[[ Given data open ]]

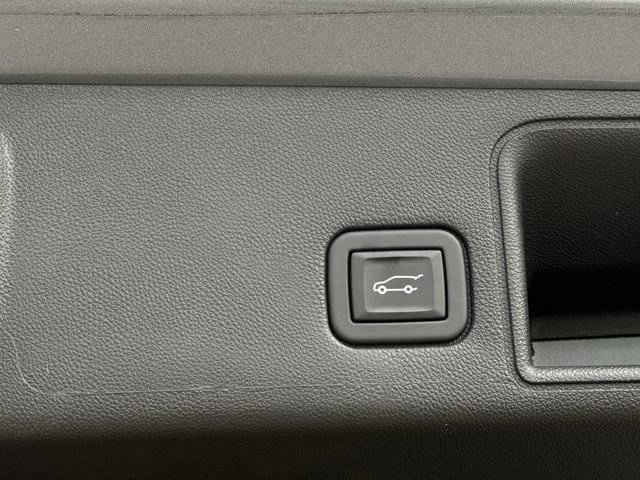 Certified 2023 GMC Terrain SLT w/ Infotainment Package II AWD/4WD image 35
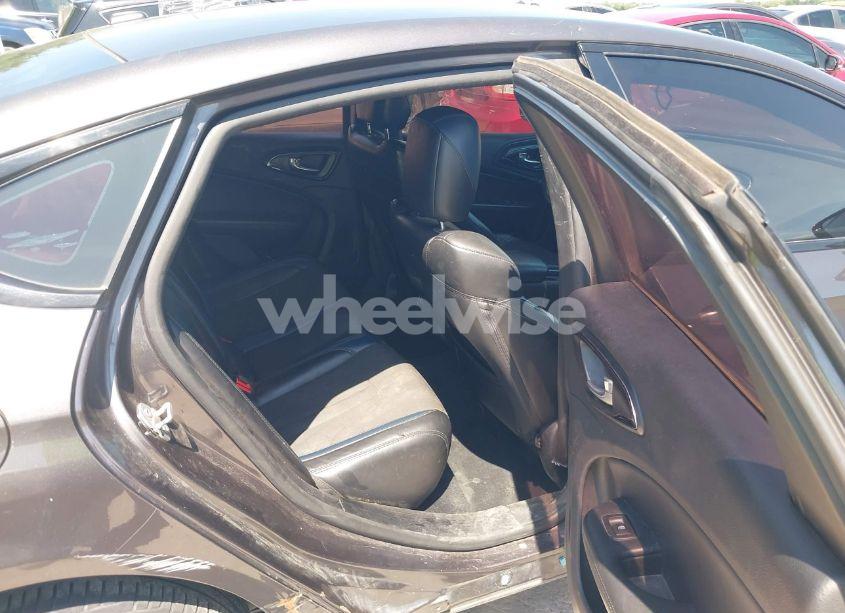 Photo 8 of 2015 Chrysler 200 S (VIN 1C3CCCBB6FN721931)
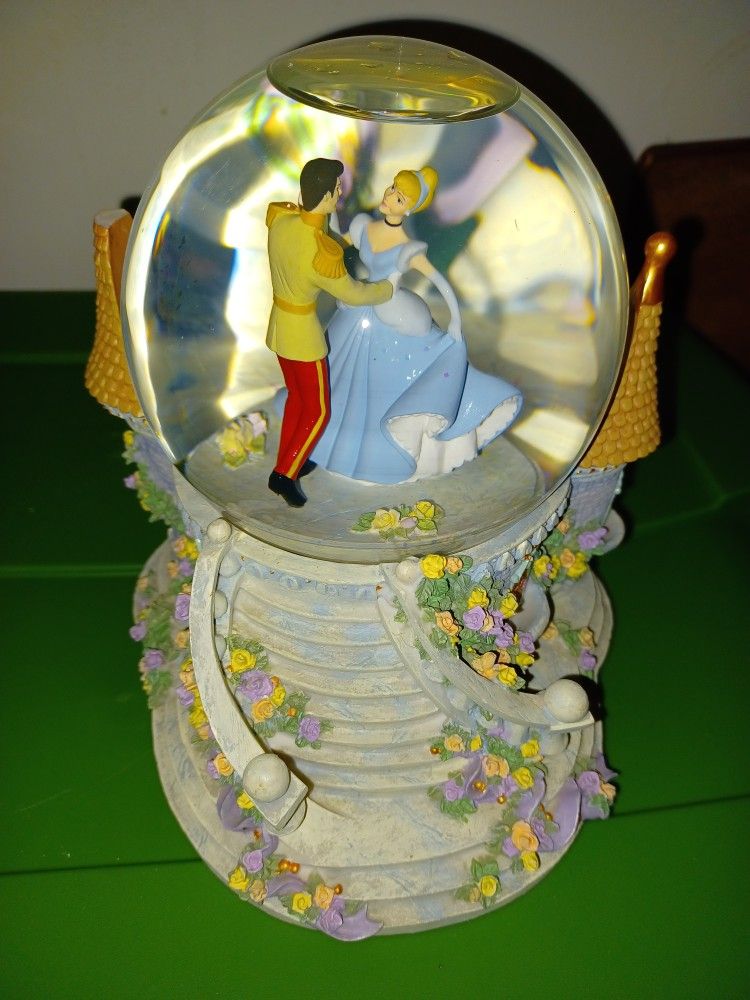 Disney Cinderella  Snowglobe Musical. 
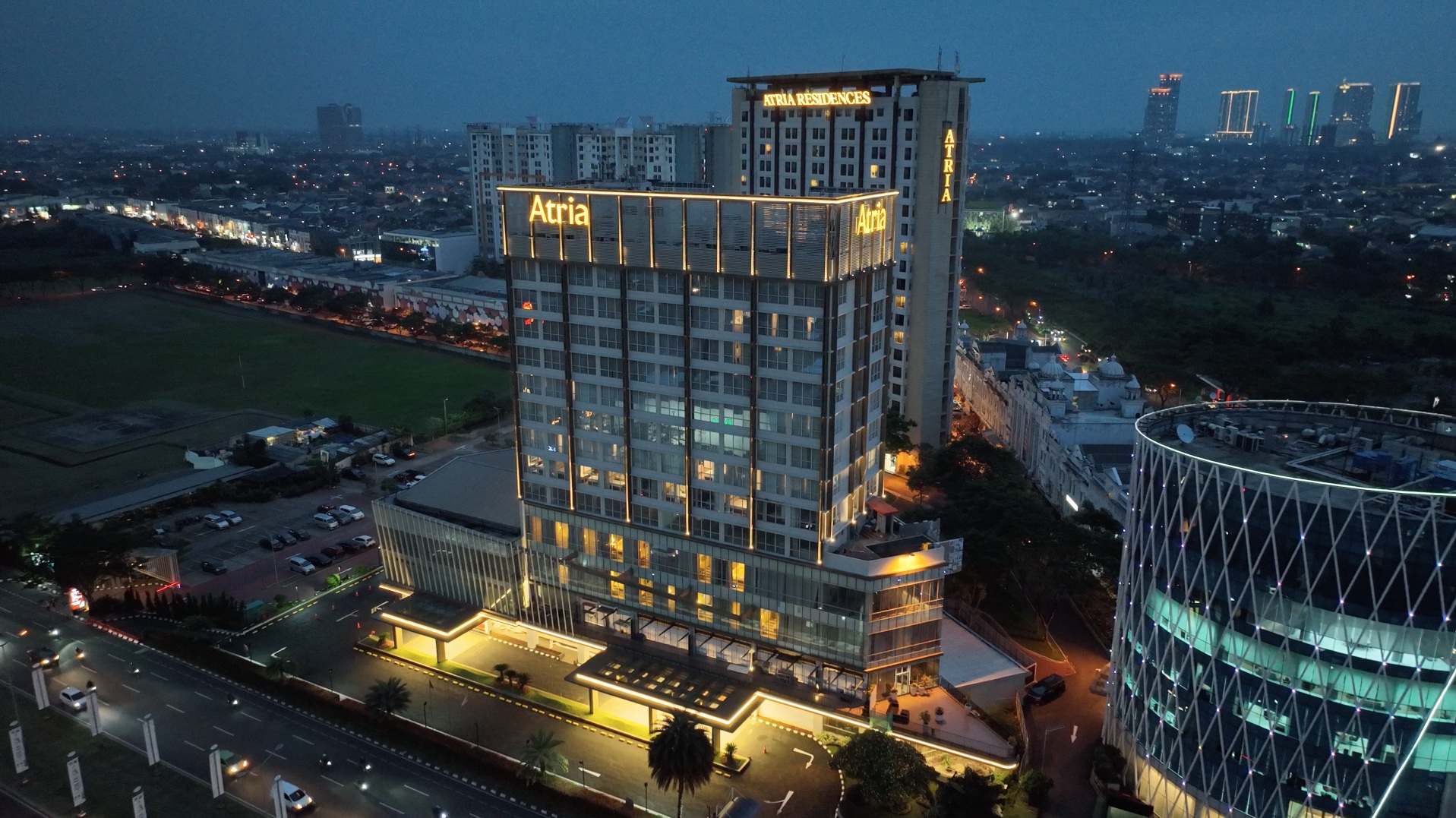 Atria Hotel Gading Serpong melakukan pembaruan secara menyeluruh untuk meningkatkan pengalaman menginap yang menyenangkan bagi seluruh tamu.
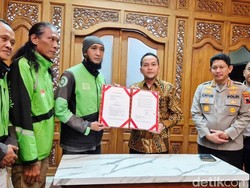 Walkot Solo Keluarkan SE Larangan Operasional Bajaj Termasuk Maxride Walkot Solo Keluarkan SE Larangan Operasional Bajaj Termasuk Maxride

[[ Given data closed ]]

Give every line of the data above again as it stands; the pictures stay out.

 Certified 2023 GMC Terrain SLT w/ Infotainment Package II AWD/4WD image 35
 Photo 8 of 2015 Chrysler 200 S (VIN 1C3CCCBB6FN721931)
 Disney Cinderella  Snowglobe Musical. 
 Atria Hotel Gading Serpong melakukan pembaruan secara menyeluruh untuk meningkatkan pengalaman menginap yang menyenangkan bagi seluruh tamu.
 Walkot Solo Keluarkan SE Larangan Operasional Bajaj Termasuk Maxride Walkot Solo Keluarkan SE Larangan Operasional Bajaj Termasuk Maxride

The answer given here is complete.